The name John McLellan might be unfamiliar to many readers of this blog. That’s understandable; it’s been almost 60 years since John’s jazz program was last heard on Boston radio. McLellan, whose real name was John Fitch, died in Boston on Nov 28, 2020, at age 94 (obituary). He was a man of many interests who reinvented himself and his career several times in the years before people talked about doing that. But I think of him in the context of just one of those interests and careers. I think of John McLellan as a good friend of jazz.

Photo of John McLellan, 1955

John McLellan, about 1955

I’ve written about John McLellan here, and specifically about his TV program here, as well as in The Boston Jazz Chronicles. But to briefly summarize his decade in the jazz world: hosted The Top Shelf on WHDH-AM from April 1951 to February 1961; wrote 400 “Jazz Scene” newspaper columns for the Boston Traveler between August 1957 and September 1961; hosted a twice-monthly Jazz Scene program on WHDH-TV from May 1958 to December 1961; and emceed the first two Newport Jazz Festivals in 1954 and 1955. And he wrote liner notes, narrated the “Living History of Jazz” production with Herb Pomeroy’s big band, mentored the Teenage Jazz Club, and more. Without a doubt, it was a vast body of work.

The Top Shelf

John McLellan’s years on WHDH-AM were good ones for local jazz radio. All the action was on commercial AM stations. When McLellan was on WHDH in 1952-53, Nat Hentoff was on WMEX, and Sabby Lewis and Symphony Sid Torin were on WBMS. When Hentoff left for New York, Ken Malden, Bob “the Robin” Martin, and Norm Nathan came on the air. Most built long radio careers in Boston or beyond. An announcer needed personality to stand out in that crowd, and John had one, even though he played it down: “We were hired because we have nice voices and can sell soap.” He was unhurried and approachable. And he indeed had that nice voice—one of the local supermarket chains hired him as their radio spokesman.
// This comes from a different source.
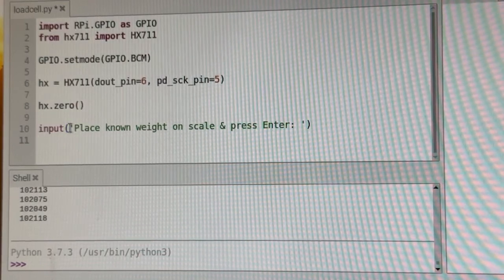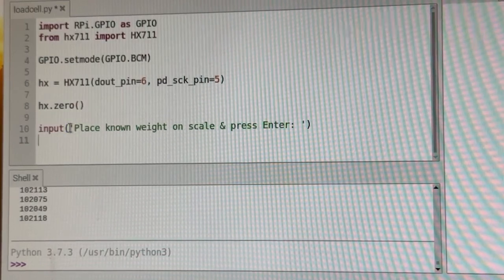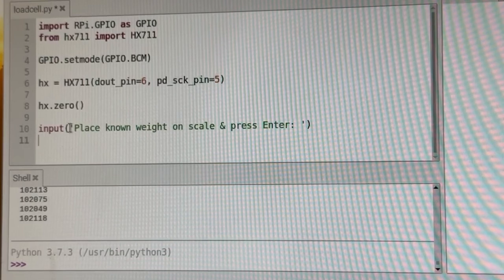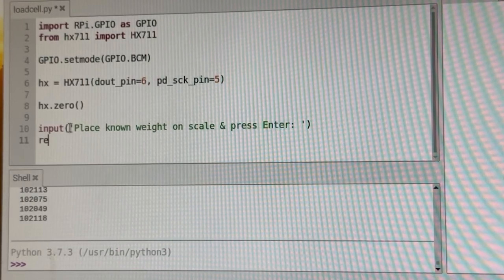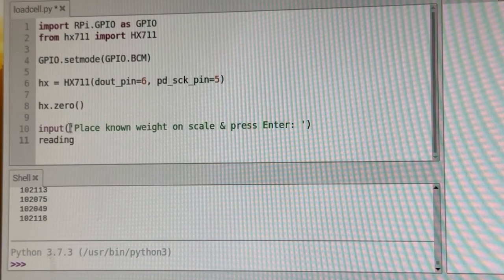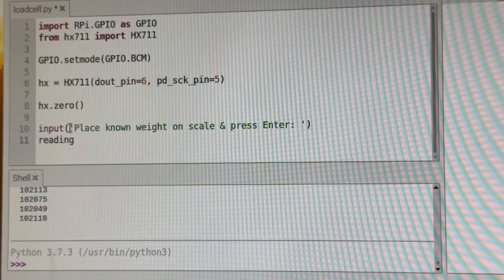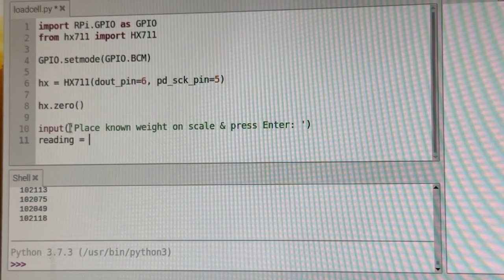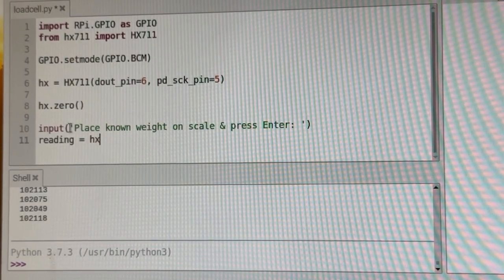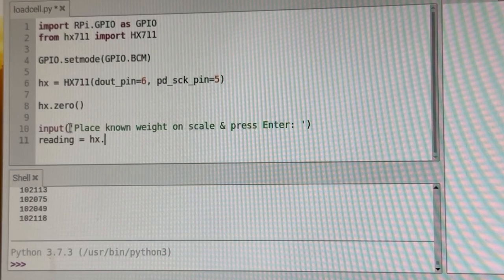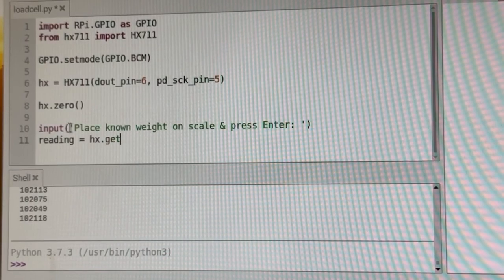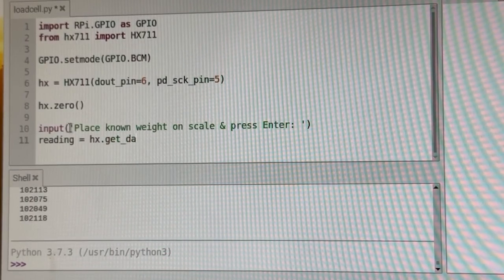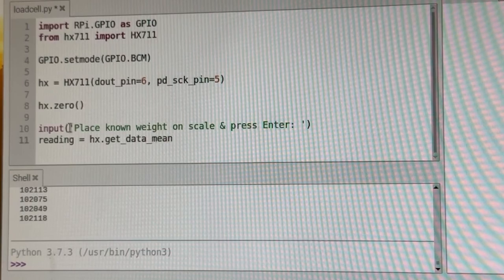And from that, we're going to get a reading from that. So once the known weight is on, we're going to say reading equals hx dot get data mean.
He told me it took awhile to get the right informal feel. He started out as too scripted. It probably didn’t help that the station manager told him not to use the word “jazz” on the air because it might frighten the sponsors. But he became a Saturday-night fixture on local radio soon enough. Ron Della Chiesa remembers McLellan as “the most learned of the broadcasters. He could put any tune in context, relate it to its time, describe how it fit into what the artist was doing.” In 1956, Metronome magazine called him “the purest jazz jockey in town” because of his emphasis on the music.

Photo of Duke Ellington and John McLellan

Duke Ellington on the set of Jazz Scene, 1959. Photo courtesy Robert Fitch.

Armstrong, Ellington and Parker were McLellan’s jazz pillars. Armstrong and Ellington were guests on his TV program, while Parker did interviews on The Top Shelf. One of those sessions was something out of the ordinary, though, as John brought Paul Desmond into the studio to conduct the interview. You can hear it here. McLellan wasn’t happy with the result. He thought Desmond asked too many softball questions, allowing Parker to coast on pleasantries while offering few insights.

There was a little more of Bird on WHDH, too. McLellan set up a tape recorder at home to capture his remote broadcasts from Storyville, provided, of course, that someone at home remembered to turn on the machine. Tapes of Charlie Parker at Storyville in 1953, complete with John’s intros, survived the decades in storage and were eventually released on vinyl by Blue Note in 1985 (BT-85108).

The Jazz Scene Columns

McLellan’s newspaper columns for the Traveler remain, to this day, a remarkable achievement. The newspaper wars were still in full swing in the late 1950s. Boston had three afternoon dailies then, one of which was the Traveler (it shut down in 1967). McLellan wrote two columns a week for four years (a pace any blogger today would be proud of), and anything that happened in regional jazz figured into that column. No other paper in town covered the jazz beat. Fifty years later, my own writing benefited greatly from these columns. I could not have written The Boston Jazz Chronicles without this week-by-week record of reporting.

By 1961, John McLellan felt it was time to move on. The radio station canceled his show in February. He gave up the newspaper column in September: “I had said everything I had to say about jazz, and I was starting to repeat myself.” Finally, in December he gave up the television show. And there was something else, too. He’d heard the new directions in jazz being played by Ornette Coleman and Ken McIntyre, and even though he recognized their importance, he couldn’t get excited about it. He was ready for something new.

With his passing, another link to Boston’s jazz past is gone. But we should all be thankful for the reporting on the jazz scene that he left behind.

To the music. In 1956, Don Elliott wrote a tune for John to use as The Top Shelf theme. He named it “Straits of McClellan,” spelling John’s name wrong. No matter, it’s a great tune, and I’ve added it to my YouTube channel. Elliott included it on his 1956 ABC-Paramount album, A Musical Offering. Sometimes I sub as a host on WETF radio (“the Jazz Station”), and I use “Straits” for my show intro. I’m sure John wouldn’t mind.